QUOTE (Cain @ May 9 2009, 02:35 AM)

Actually, no it doesn't. Your character could have studied karate, Muay Thai, boxing, wrestling, or any one of a hundred different styles. They don't need to master all techniques in order to have a high Unarmed Combat skill. The skill is just an average of their ability across all areas, not an exact level of proficiency in particular techniques.
For example, let's assume we have a RL boxer. He's a very good boxer, but not so good at the ground game or kicks. This averages him out to an Unarmed Combat skill of, say, 3. We then compare him to the jiujutsu stylist, who doesn't have much in the way of striking power. Because of that, he gets averaged to a 3.
In the first two cases, the fighters have great skill in their chosen areas.
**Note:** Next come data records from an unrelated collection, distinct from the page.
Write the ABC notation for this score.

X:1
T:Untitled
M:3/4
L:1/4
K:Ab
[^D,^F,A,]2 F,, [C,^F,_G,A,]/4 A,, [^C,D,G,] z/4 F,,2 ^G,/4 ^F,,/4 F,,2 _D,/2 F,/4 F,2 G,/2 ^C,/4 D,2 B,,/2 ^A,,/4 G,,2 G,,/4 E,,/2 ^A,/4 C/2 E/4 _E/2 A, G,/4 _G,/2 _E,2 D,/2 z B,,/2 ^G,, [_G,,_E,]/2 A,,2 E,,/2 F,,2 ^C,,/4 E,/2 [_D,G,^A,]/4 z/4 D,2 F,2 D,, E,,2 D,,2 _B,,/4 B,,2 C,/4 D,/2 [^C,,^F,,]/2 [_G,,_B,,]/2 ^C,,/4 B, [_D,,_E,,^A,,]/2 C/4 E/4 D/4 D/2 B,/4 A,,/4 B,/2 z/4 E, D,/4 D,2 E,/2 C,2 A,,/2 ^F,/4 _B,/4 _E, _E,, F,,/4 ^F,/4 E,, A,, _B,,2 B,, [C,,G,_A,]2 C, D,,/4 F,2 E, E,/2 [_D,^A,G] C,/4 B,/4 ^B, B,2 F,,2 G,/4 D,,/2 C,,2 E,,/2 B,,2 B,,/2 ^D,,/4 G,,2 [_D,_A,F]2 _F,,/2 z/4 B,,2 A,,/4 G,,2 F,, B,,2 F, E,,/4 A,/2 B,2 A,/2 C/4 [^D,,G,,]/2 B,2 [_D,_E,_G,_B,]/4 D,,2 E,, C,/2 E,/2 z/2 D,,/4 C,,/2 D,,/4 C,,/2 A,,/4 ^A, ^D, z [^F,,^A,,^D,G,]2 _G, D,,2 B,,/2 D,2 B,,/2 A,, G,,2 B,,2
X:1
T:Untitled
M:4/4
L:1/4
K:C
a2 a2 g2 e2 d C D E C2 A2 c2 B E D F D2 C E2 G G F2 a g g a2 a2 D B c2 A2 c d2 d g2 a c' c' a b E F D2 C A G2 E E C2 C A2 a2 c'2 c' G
But because of the way the rules work, their skills get averaged to a much lower level. It's possible for the boxer, if he was good enough at boxing, to have a higher average skill-- he's mastered boxing to such a degree, his unarmed combat skill instead averages out to a 5. He's still weak against grapples, but his pure striking skill makes up for it.
Expanding on what Cain said, the mechanics already help make the gap between specialized areas of fighting even more noticeable and truer to life, because those quality bonuses help out too. That boxer can hit harder with bonus DV and block better with bonus dice. That bjj practitioner can takedown better with an extra die, subdue better with extra dice, and subdue more effectively for more damage (bonus DV)
When you look at dice pools, the boxer of skill 3 (boxing +2 spec) with those four quality bonuses, is rolling 7 dice to block, 5 dice to punch and potentially punching for a +2 DV more. The BJJ fighter at the same skill (3 (BJJ +2 spec)) with his bonuses is rolling 6 to take down, 7 to subdue, and doing extra +1DV when he does submission damage.
But, if you look at their respective pools to try and accomplish what the other does, we see the boxer sucks at take downs (3 dice vs. BJJ's 6), sucks at subdual (3 vs. 7) and when doing a submission damage move doesn't get his +2DV like he would when punching. On the flip side, the BJJ fighter isn't as good at blocking (5 dice vs. 7) and won't strike as hard.
I'd say the rules don't need anymore tweaking.